BEGIN

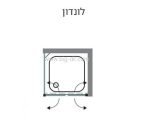 מקלחון פינתי לונדון 71-141*67.5-92.5 ס"מ. - ש.ד.י אהרוני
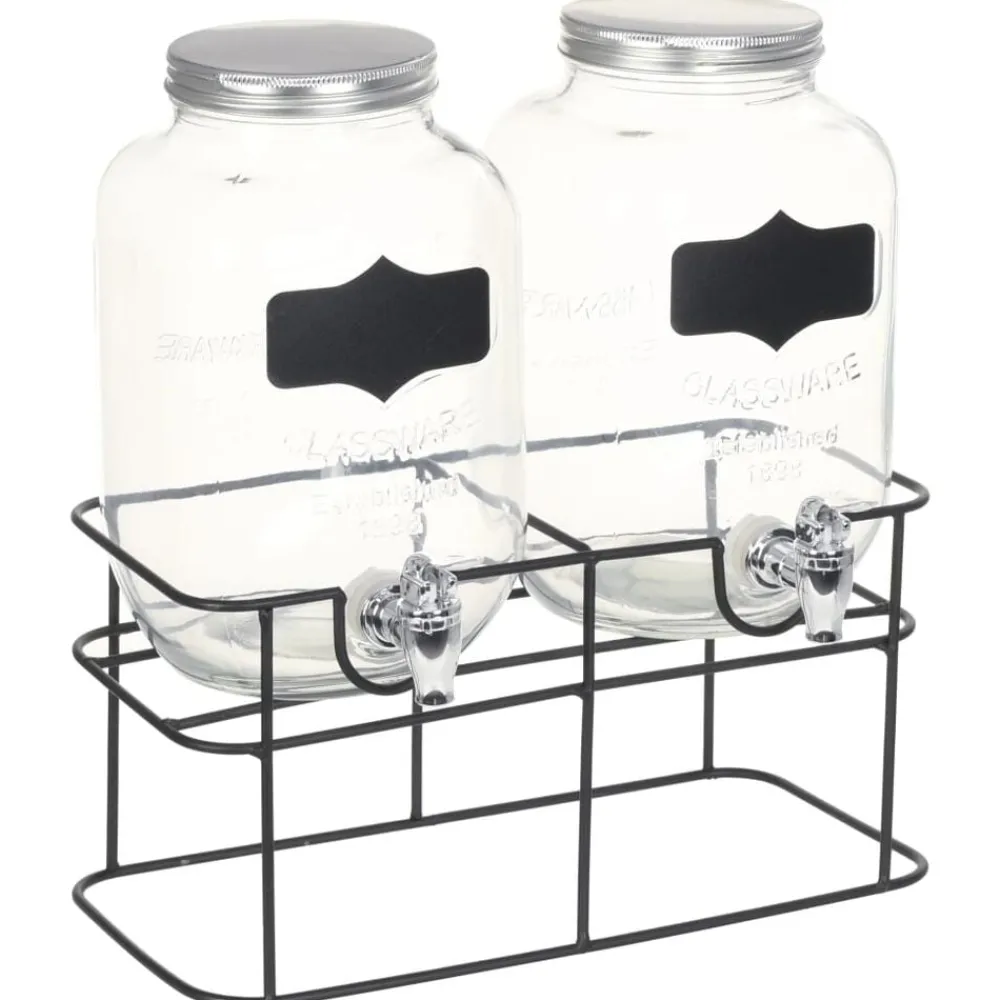 Arts De La Table & Arts Culinaires-vidaXL 2 pcs Distributeurs de boissons avec support 2 x 4 L Verre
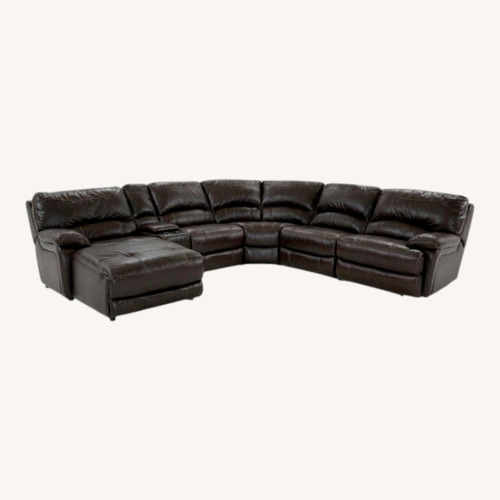 Used Bob's Discount Furniture Leather 6 Piece Power Reclining Sectional  for sale on AptDeco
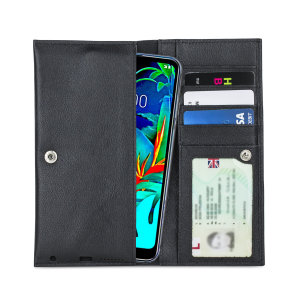 Olixar Primo Genuine Leather LG K50 Wallet Case - Black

END

• _WHAT IS BEING ASKED_: Please reproduce the whole listing exactly; the pictures stay out.

• _SOLUTION FOR THIS TASK_:
 מקלחון פינתי לונדון 71-141*67.5-92.5 ס"מ. - ש.ד.י אהרוני
 Arts De La Table & Arts Culinaires-vidaXL 2 pcs Distributeurs de boissons avec support 2 x 4 L Verre
 Used Bob's Discount Furniture Leather 6 Piece Power Reclining Sectional  for sale on AptDeco
 Olixar Primo Genuine Leather LG K50 Wallet Case - Black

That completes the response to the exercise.